By 1990 Japan's interaction with the vast majority of Asia-Pacific countries, especially its burgeoning economic exchanges, was multifaceted and increasingly important to the recipient countries. The developing countries of the Association of Southeast Asian Nations (ASEAN) regarded Japan as critical to their development. Japan's aid to the ASEAN countries totaled US$1.9 billion in Japanese fiscal year (FY) 1988 versus about US$333 million for the United States during U.S. FY 1988. As of the late 1980s, Japan was the number one foreign investor in the ASEAN countries, with cumulative investment as of March 1989 of about US$14.5 billion, more than twice that of the United States. Japan's share of total foreign investment in ASEAN countries in the same period ranged from 70 to 80 percent in Thailand to 20 percent in Indonesia.

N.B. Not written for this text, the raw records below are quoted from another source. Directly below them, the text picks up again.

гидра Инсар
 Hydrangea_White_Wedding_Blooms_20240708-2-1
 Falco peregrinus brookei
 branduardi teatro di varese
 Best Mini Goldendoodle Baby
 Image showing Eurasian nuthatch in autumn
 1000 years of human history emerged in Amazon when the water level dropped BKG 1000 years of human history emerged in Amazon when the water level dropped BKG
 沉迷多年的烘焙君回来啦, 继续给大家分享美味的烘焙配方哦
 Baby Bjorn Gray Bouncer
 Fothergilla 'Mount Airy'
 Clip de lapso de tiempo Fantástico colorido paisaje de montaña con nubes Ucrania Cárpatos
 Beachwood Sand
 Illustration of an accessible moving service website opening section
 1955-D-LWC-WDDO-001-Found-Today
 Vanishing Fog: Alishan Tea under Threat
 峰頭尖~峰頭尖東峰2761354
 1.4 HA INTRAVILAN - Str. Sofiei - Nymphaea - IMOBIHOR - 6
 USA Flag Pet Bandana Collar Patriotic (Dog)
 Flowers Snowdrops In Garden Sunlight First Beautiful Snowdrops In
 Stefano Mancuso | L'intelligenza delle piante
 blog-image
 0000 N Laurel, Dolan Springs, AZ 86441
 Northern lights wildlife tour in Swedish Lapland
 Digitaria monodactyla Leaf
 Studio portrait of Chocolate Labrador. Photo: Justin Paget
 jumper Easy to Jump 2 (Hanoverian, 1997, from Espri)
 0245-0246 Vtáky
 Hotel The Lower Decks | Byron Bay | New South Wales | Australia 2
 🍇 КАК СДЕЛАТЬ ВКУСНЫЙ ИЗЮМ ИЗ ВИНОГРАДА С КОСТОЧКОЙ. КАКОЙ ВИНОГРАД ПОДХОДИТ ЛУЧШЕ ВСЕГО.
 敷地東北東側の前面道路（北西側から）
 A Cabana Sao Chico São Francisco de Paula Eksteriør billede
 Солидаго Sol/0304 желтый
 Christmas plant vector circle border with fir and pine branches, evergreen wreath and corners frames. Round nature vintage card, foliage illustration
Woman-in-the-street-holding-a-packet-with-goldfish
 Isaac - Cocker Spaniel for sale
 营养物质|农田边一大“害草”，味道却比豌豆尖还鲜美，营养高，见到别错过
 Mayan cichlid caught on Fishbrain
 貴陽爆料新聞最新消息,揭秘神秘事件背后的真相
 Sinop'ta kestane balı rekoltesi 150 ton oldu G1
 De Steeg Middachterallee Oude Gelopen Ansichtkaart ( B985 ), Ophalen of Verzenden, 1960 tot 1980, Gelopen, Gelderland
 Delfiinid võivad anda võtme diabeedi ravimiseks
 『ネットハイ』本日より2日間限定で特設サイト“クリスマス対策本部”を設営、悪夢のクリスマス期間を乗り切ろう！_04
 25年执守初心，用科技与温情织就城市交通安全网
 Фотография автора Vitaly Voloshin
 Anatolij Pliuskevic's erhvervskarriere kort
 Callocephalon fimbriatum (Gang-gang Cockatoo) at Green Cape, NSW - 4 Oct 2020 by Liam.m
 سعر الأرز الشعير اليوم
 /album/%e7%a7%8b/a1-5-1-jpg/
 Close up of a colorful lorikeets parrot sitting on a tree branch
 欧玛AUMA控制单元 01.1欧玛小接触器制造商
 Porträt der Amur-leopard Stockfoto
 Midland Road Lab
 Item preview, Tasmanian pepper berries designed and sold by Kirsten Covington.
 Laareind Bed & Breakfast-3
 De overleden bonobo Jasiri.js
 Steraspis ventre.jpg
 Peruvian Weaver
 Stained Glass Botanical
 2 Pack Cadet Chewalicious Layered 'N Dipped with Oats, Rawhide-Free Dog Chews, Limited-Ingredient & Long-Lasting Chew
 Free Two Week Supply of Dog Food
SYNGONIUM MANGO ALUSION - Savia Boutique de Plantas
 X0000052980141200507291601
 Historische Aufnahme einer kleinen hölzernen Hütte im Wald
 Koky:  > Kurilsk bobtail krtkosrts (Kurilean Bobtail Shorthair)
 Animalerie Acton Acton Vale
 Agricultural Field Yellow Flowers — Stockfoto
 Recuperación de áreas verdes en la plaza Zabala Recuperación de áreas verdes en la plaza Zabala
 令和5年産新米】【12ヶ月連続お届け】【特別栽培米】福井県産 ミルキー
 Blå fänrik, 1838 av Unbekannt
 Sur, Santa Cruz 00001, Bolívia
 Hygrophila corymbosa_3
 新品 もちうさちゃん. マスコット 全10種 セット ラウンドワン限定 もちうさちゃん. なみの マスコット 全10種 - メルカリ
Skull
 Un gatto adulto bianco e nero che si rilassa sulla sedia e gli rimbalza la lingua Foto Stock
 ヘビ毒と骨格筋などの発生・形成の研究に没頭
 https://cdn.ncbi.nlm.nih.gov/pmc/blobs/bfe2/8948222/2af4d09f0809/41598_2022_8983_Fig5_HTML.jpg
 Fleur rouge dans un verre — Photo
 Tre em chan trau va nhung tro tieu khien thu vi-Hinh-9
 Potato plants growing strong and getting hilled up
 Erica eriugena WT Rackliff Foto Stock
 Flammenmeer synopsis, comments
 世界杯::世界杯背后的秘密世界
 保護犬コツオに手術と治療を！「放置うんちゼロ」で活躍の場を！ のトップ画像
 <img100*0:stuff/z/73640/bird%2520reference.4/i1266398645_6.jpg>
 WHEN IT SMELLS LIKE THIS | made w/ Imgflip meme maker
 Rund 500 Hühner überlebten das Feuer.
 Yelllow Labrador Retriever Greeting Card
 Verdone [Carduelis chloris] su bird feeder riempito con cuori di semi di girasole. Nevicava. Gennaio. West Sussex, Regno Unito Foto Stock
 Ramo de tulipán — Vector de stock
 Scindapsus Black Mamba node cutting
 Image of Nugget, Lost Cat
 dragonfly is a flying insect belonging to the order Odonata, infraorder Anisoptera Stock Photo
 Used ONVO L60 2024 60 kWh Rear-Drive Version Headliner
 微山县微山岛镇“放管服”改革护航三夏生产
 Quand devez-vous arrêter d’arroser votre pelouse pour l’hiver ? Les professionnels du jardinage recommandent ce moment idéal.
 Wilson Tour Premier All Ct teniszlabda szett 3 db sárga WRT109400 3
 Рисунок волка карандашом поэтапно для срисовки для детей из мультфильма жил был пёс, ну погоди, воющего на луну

In the late 1980s, the Japanese government was making a concerted effort to enhance its diplomatic stature, especially in Asia. Toshiki Kaifu's much publicized spring 1991 tour of five Southeast Asian nations—Malaysia, Brunei, Thailand, Singapore, and the Philippines—culminated in a 3 May major foreign policy address in Singapore, in which he called for a new partnership with the ASEAN and pledged that Japan would go beyond the purely economic sphere to seek an "appropriate role in the political sphere as a nation of peace." As evidence of this new role, Japan took an active part in promoting negotiations to resolve the Cambodian conflict.

In 1997, the ASEAN member nations and the People's Republic of China, South Korea and Japan agreed to hold yearly talks to further strengthen regional cooperation, the ASEAN Plus Three meetings. In 2005 the ASEAN plus Three countries together with India, Australia and New Zealand held the inaugural East Asia Summit (EAS).

==== South Asia ====
In South Asia, Japan's role is mainly that of an aid donor. Japan's aid to seven South Asian countries totaled US$1.1 billion in 1988. Except for Pakistan, which received heavy inputs of aid from the United States, all other South Asian countries received most of their aid from Japan as of the early 1990s. Four South Asian nations—India, Pakistan, Bangladesh, and Sri Lanka—are in the top ten list of Tokyo's aid recipients worldwide as of the early 1990s. A point to note is that Indian Government has received no aid since the 2004 Tsunami that struck India but Indian registered NGOs look to Japan for much investment in their projects.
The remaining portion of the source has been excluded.